INPUT DATA below:
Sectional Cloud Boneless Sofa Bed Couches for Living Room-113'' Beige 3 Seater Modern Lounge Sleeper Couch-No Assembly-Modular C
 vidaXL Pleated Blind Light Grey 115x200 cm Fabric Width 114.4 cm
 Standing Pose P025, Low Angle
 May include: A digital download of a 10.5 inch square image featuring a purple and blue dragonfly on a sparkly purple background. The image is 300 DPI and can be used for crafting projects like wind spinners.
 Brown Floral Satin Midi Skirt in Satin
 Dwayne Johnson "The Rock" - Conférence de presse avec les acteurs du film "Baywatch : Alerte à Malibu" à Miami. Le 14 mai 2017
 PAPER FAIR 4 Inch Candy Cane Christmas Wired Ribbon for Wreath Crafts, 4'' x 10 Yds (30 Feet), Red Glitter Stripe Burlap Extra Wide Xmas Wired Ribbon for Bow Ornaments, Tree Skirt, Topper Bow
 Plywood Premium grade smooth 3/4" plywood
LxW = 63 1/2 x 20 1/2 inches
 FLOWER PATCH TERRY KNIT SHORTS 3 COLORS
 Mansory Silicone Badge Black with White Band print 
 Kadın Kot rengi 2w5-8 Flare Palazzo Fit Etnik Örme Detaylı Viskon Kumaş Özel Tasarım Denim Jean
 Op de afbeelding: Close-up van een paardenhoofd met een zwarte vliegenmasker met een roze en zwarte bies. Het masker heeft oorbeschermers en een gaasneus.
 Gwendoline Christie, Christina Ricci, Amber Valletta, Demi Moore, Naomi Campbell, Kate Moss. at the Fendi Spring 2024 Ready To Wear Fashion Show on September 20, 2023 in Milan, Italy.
End of INPUT DATA.
● **TRY IT**
Lines from the top of the entries through the line with "Mansory Silicone Badge" are to be transcribed exactly, and nothing more.

● **TASK ANSWER**
Sectional Cloud Boneless Sofa Bed Couches for Living Room-113'' Beige 3 Seater Modern Lounge Sleeper Couch-No Assembly-Modular C
 vidaXL Pleated Blind Light Grey 115x200 cm Fabric Width 114.4 cm
 Standing Pose P025, Low Angle
 May include: A digital download of a 10.5 inch square image featuring a purple and blue dragonfly on a sparkly purple background. The image is 300 DPI and can be used for crafting projects like wind spinners.
 Brown Floral Satin Midi Skirt in Satin
 Dwayne Johnson "The Rock" - Conférence de presse avec les acteurs du film "Baywatch : Alerte à Malibu" à Miami. Le 14 mai 2017
 PAPER FAIR 4 Inch Candy Cane Christmas Wired Ribbon for Wreath Crafts, 4'' x 10 Yds (30 Feet), Red Glitter Stripe Burlap Extra Wide Xmas Wired Ribbon for Bow Ornaments, Tree Skirt, Topper Bow
 Plywood Premium grade smooth 3/4" plywood
LxW = 63 1/2 x 20 1/2 inches
 FLOWER PATCH TERRY KNIT SHORTS 3 COLORS
 Mansory Silicone Badge Black with White Band print 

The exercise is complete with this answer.